Infiniti changed the name of its vehicles throughout the brand last year. The 2014 Infiniti Q60 Coupe Journey is the new name for the 2013 G37 Coupe.
But that’s about all that’s changed in the upscale coupe from a year ago. It’s performance and luxury oriented, but like a lot of sports coupes, space and practicality aren’t strongest attributes.
The Weekly Driver Test Drive
The four-seat 2014 Infiniti Q60 coupe is available in five trims: the Q60 Journey, the base model Q60 AWD, Q60S 6MT and Q60 IPL. There’s also a Q60 convertible.
My weekly driver was the Journey. It’s a powerful machine with a 3.7-liter V6 with 330 horsepower, and it comes standard with a seven-speed automatic transmission and rear-wheel drive.
As a high-end coupe, the Infiniti Q60 has a lengthy list of standard features: 18-inch alloy wheels, automatic xenon headlights, foglights, heated mirrors, keyless ignition/entry, dual-zone automatic climate control, leather upholstery, heated eight-way power front seats, a folding rear seat, cruise control, an auto-dimming rearview mirror, a tilt-and-telescoping steering wheel, a 7-inch touchscreen display, Bluetooth phone connectivity, a rearview camera and a six-speaker audio system with a six-CD changer, satellite radio, an auxiliary audio input jack and an iPod/USB audio interface.
With its power and sleek styling, the Infiniti Q60 is also an immediately impressive driving machine. It not only powers along a country road or on the freeway with great acceleration and superior handling, it does so while turning heads.

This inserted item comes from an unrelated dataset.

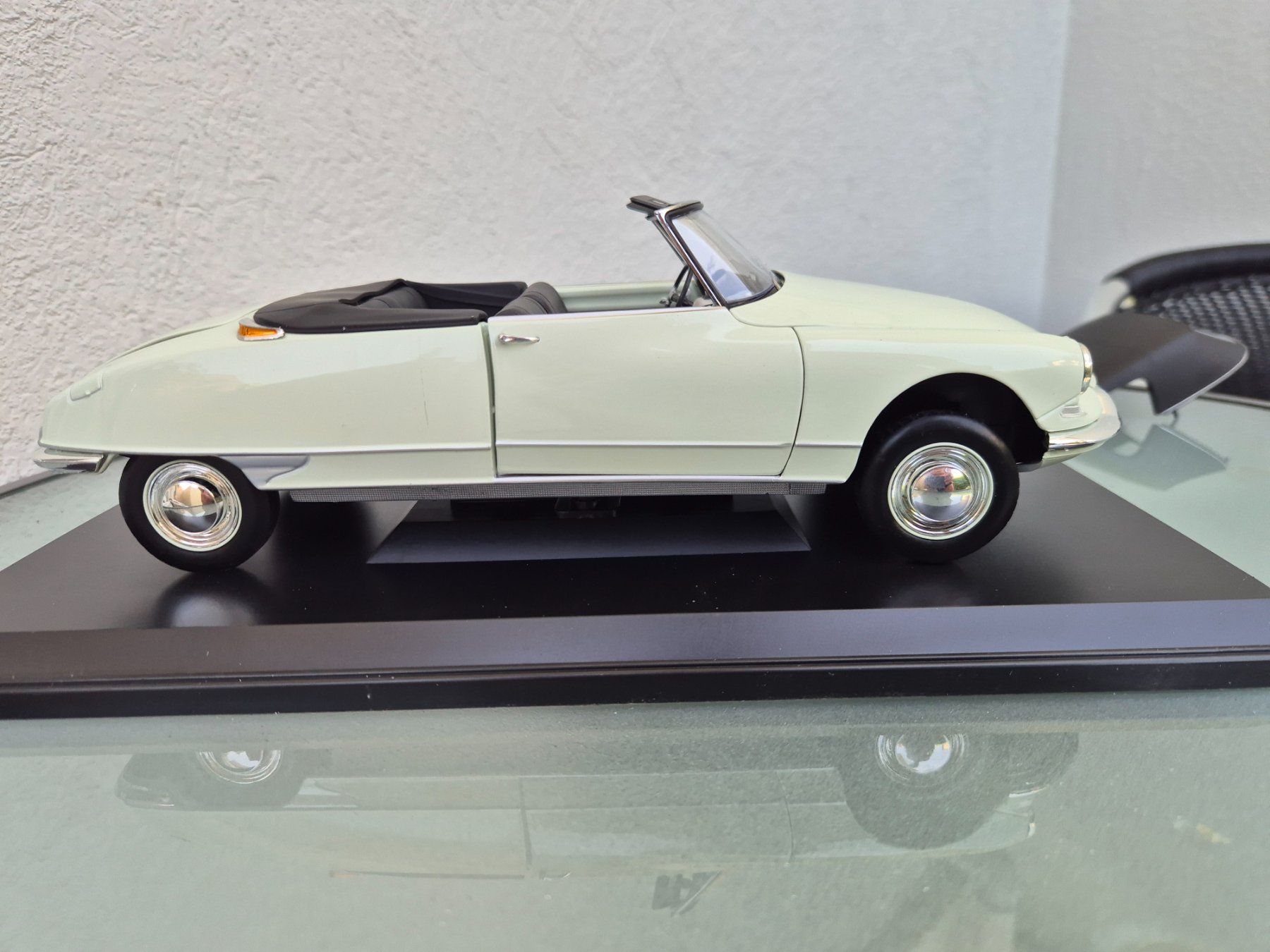 Citroën Modellini d'auto: Citroen DS Cabriolet von Norev 1:18 – Nuovo (secondo la descrizione) da Oberbuchsiten venduto da laffite54 6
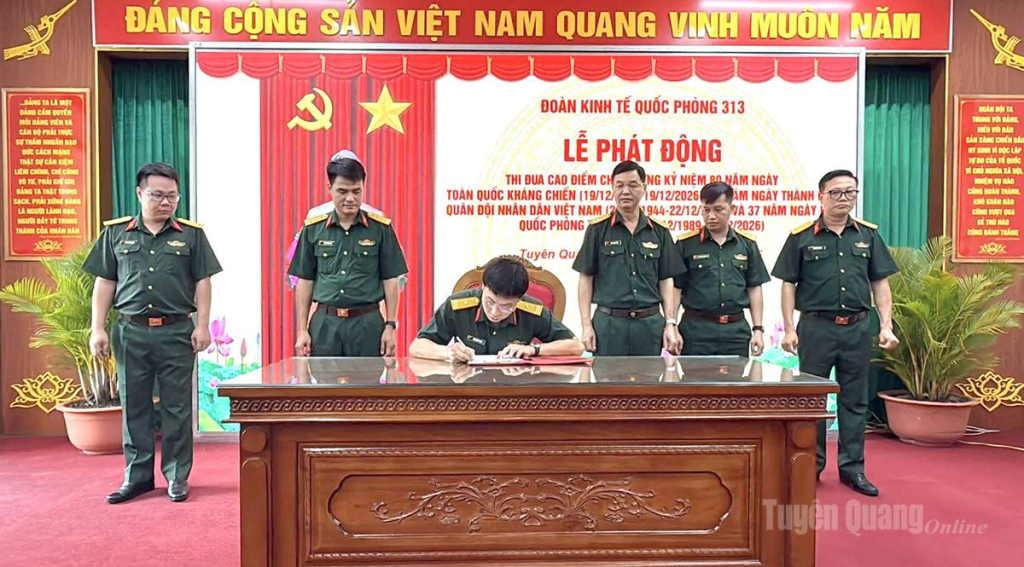Các cơ quan, đơn vị ký giao ước thi đua.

Unlike several friends for whom performance is the overriding factor for car purchases, I’m more conservative. I’ll take comfort and cargo space over 0-60 mph times every time. While coupes are notorious for their lack of interior room, the Infiniti Q60 gets high marks for comfort with its nearly unlimited positioning leather bucket seats. And I admit its performance was satisfying, too. It drives via a simple principle: Step on the gas and off you go, quickly.
The Infiniti Q60 stumbles sharply with an excessive amount of option packages. There are five, Interior Accents, Sport, Navigation, Premium and Technology. The options are all quality, the intuitive navigation system to an impressive Bose sound system to a boatload of sport upgrades. But add them all up, toss in the destination charge and the out-the-door price exceeds $50,000.
Lots of power.
Sharp, road-hugging cornering.
Handsome interior/exterior lines.
Comfortable front seats.
First aid kit in trunk. Why doesn’t every car have one?
Tight rear seats.
Option packages expensive.
Engine growl excessive at high speeds.
Poor rear window vision.
Facts & Figures: 2014 Infiniti Q60
Acceleration: 0-60 mph, 5.7 seconds.
Fuel economy: 19 mpg (city), 27 mpg (highway), 22 mpg (combined) seven-speed automatic transmission.
Manufacturer’s Suggested Retail Price: $40,400.00
Manufacturer’s Web site: www.infinitiusa.com.
Price As Tested: $50,405.00
Warranty: Bumper to bumper, 4 years/60,000 miles; Powertrain, 6 years/70,000 miles; Corrosion, 7 years/unlimited miles; Roadside Assistance, 4 years/unlimited miles.
What Others Say:
“In addition to the Q60’s large appetite for fuel, rear-seat legroom and headroom are noticeably tighter than most 2-door rivals.” — Kelley Blue Book.
“Around turns, the Q60 coupe is impressively balanced and offers plenty of grip. The steering can feel unnecessarily heavy, though, especially with the quicker ratio that comes as part of the Sport option package (standard on the Q60S). The Q60’s ride quality is pretty smooth, though, even on substandard pavement.” — Edmunds.com.
“The 2014 Infiniti Q60 delivers solid handling and performance, while coddling passengers in a premium interior. The infotainment interface is easy to use, and the upgraded Bose audio system produces very good sound.” — CNET.com.
The Weekly Driver’s Final Words:
“The Infiniti Q60 is a luxury coupe with superior performance and handling and it’s made from top-flight material and is among the most handsome coupe’s on the road. But the sub par rear vision and frequent trips to the gas station take are deal-busters.”